8 Habits which can Increase Chronic Pain
There are a range of medications, procedures and therapies that are known to efficiently manage chronic pain conditions – however, it should be acknowledged that not all methods of lessening pain have to be suggested by a medical professional. Making small changes to everyday life has been found to decrease chronic pain, making it easier to cope with living day-to-day life.
There are several well known behaviours and habits that have been found to increase symptoms of chronic pain, here are eight examples:
Studies tell us that smoking makes existing chronic pain worse and puts the individual at a higher risk of developing chronic pain in the first place. The use of tobacco and nicotine decreases the amount of oxygen that reaches the muscles, making it harder for them to be used efficiently. It also causes fatigue, lung disorders and can make it harder for the body to heal itself.

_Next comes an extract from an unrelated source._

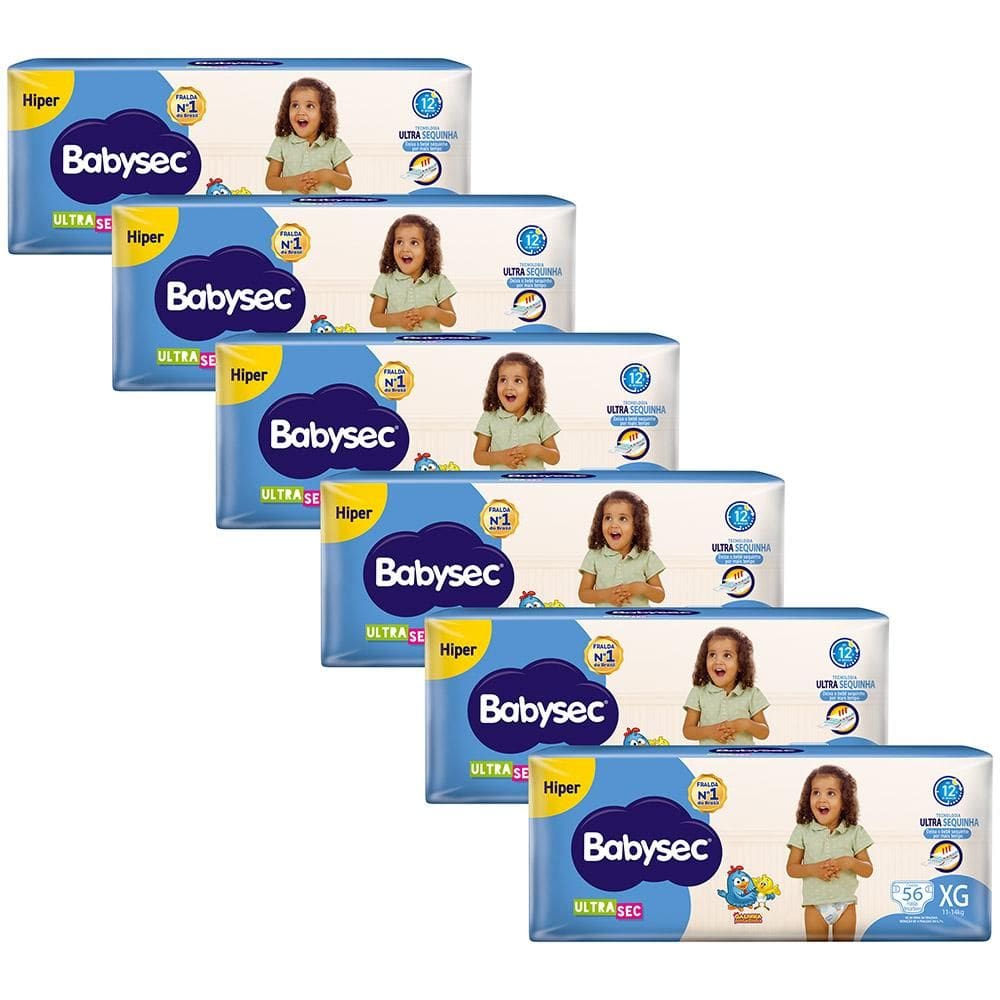 Kit 6 Fraldas Babysec Galinha Pintadinha Ultrasec Hiper Tamanho XG 56 unidades cada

2. Not engaging in physical activity
A sedentary lifestyle can lead to muscle disuse syndrome. Over time, muscles that are barely used lose their strength and endurance. Weak muscles are much less efficient, meaning it takes more work to complete simple tasks.

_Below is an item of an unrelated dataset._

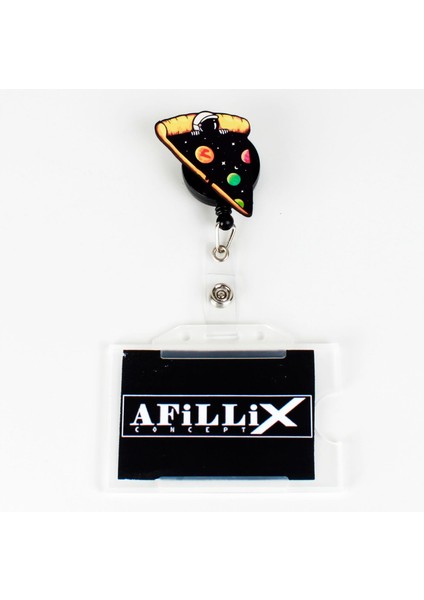 Astronot Pizza Tasarım Ahşap Yoyo Yaka Kartı Aksesuarı Şeffaf Kart Koruyucu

It is a well known fact that even small increases in physical activity can lessen the severity of pain.
3. Stressing Out
Stress increases your heart rate, which makes you breathe faster and tightens your muscles. In addition to this, stress can cause agitation and anxiety, which is known to intensify feelings of pain. Practising techniques like deep breathing and relaxation can reduce stress and by extension, certain forms of pain.
4. Focusing on Your Pain
Your brain can only focus on so much at one time. Turning your attention elsewhere decreases the amount of energy your brain can spend on your pain.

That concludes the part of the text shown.